The first scene is below, specifically about 1:30 into the clip.  The second scene, and second clip below, is at the end of the film when Jimmy McDonald (Dick Powell) and Betty Casey (Ellen Drew) are arguing for Jimmy's boss to let him keep the promotion he earned on the basis of winning a slogan writing contest, a contest he thought he won because his co-workers sent him a prank telegram informing him of his win, but he didn't actually win, but then he ends up winning after all.  (I didn't write a plot summary in this post or the last one on this film, for now, go here).  Jimmy and Betty's arguments are earnest and contain everything I secretly believe.  But I have spent some time outside of theaters and off my sofa, so I'm aware that these are the kind of ideals that only ever find practical application within the constructs of screenplays.  Because they're all "deep dish" and "high falutin'" (per Jimmy's Boss).

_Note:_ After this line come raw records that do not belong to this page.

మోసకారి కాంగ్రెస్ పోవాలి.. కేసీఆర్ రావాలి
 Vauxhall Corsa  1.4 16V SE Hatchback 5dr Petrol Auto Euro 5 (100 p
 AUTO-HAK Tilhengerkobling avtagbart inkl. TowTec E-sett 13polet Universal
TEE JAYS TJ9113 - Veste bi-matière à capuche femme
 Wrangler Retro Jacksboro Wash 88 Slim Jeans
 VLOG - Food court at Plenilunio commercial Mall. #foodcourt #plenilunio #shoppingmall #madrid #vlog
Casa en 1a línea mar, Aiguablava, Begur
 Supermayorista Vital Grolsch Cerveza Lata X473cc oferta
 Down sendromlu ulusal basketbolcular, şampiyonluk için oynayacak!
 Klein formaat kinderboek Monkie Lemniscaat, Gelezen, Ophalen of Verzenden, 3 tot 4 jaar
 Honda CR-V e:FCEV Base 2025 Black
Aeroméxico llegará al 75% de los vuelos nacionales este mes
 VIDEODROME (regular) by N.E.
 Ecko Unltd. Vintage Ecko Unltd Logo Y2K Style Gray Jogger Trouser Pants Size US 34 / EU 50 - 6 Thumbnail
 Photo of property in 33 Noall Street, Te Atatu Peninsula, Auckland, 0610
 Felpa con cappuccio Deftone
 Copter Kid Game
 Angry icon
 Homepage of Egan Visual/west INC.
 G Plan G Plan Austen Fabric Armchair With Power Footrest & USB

On second thought, I walk the talk whenever possible, so it stands to reason that other people do too.

Which is how the movies get you.

On the screen you see characters listening to their "better angels," and as you watch, you maybe reminisce about how you once did the same.  And then, if you're honest with yourself, you remember that you're not that unique and most every thought you've had has already been had by lots of other people.  And so you're witnessing a sort of proof that there are other people trying to be decent and do better for themselves and others.  And so you keep watching movies, to be reminded that you're not alone and that there's hope.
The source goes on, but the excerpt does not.